Leah Posted Fri 22nd of January, 2016 17:24:22 PM
I have a question on EMR documentation and ICD-10:
Our EMR has had an issue since the ICD-10 transition. The notes are in SOAP format. The Assessment area of the office note shows the ICD-9 code and also shows what the provider chose as ICD-10 (we do not have capability to take the codes themselves off and just leave the description). Our EMR sometimes will accidentally not show the ICD-10 code conversion, so the only code showing in the Assessment section is ICD-9. We then send a note to our providers to correct this, causing them to unsign the note, fix this, and re-sign the note so the ICD-10 code shows up. The physicians would like the coding department to just interpret the ICD-9 code and bill out the correct ICD-10 codes without changing the documentation. I do not think this is a safe idea.
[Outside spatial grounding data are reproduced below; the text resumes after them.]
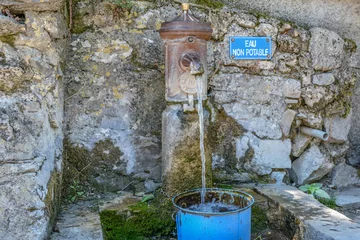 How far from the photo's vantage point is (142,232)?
2906 mm

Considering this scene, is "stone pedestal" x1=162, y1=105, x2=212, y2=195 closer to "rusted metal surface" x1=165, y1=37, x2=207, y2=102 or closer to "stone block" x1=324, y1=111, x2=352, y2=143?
"rusted metal surface" x1=165, y1=37, x2=207, y2=102

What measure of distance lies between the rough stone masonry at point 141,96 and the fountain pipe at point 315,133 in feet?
0.15

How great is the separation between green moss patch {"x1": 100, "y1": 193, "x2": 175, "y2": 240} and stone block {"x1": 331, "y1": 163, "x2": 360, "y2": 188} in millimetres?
1726

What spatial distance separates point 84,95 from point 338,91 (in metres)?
2.14

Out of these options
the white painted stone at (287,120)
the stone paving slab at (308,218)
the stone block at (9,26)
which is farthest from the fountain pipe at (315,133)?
the stone block at (9,26)

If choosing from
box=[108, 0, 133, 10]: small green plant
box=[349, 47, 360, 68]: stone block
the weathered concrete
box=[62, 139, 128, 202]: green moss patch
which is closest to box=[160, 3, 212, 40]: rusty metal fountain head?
box=[108, 0, 133, 10]: small green plant

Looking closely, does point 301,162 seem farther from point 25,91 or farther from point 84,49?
point 25,91

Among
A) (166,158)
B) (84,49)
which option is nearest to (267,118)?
(166,158)

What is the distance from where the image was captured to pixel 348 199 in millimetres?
3580

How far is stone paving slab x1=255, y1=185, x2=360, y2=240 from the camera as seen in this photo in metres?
2.34

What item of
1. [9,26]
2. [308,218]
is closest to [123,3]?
[9,26]

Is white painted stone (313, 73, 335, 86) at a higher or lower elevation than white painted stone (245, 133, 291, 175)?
higher

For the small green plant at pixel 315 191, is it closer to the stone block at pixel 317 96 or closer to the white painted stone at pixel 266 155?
the white painted stone at pixel 266 155

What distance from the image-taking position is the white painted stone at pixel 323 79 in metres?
3.63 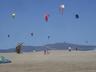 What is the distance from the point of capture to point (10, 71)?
23.5 m

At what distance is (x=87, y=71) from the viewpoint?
20.7m

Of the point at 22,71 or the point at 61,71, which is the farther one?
the point at 22,71

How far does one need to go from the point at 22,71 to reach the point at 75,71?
403 cm

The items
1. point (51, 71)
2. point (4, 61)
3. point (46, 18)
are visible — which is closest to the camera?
point (51, 71)

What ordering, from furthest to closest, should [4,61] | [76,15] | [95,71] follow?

For charges past October 1st, would we be at risk in an audit to have ICD-9 codes listed, but not ICD-10? Is there any rule or guideline I can provide my physicians so they understand this?
SuperCoder Answered Mon 25th of January, 2016 06:21:27 AM
Yes, As per CMS all claims with dates of service of October 1, 2015 or later must be submitted with a valid ICD-10 code; ICD-9 codes will no longer be accepted for these dates of service. ICD-10-CM is composed of codes with 3, 4, 5, 6 or 7 characters.